Starting at the line holding "back of house" and finishing at the line holding "Doorway to property featuring a yard", transcribe the material exactly, keeping both ends but no pictures.

--- MATERIAL FOR THE TASK Enclosed Below ---

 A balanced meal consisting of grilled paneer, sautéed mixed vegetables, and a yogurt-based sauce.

--- End of Enclosed MATERIAL FOR THE TASK ---
--- MATERIAL FOR THE TASK Enclosed Below ---

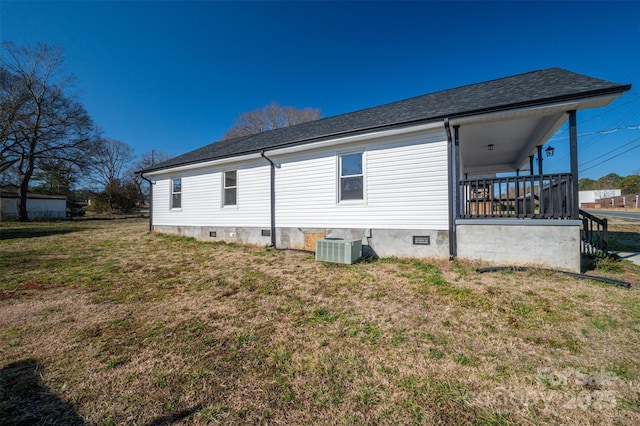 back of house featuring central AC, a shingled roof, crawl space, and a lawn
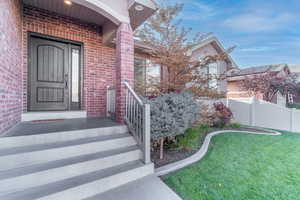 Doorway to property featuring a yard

--- End of Enclosed MATERIAL FOR THE TASK ---

> _SOLUTION BELOW_:
 back of house featuring central AC, a shingled roof, crawl space, and a lawn
 Doorway to property featuring a yard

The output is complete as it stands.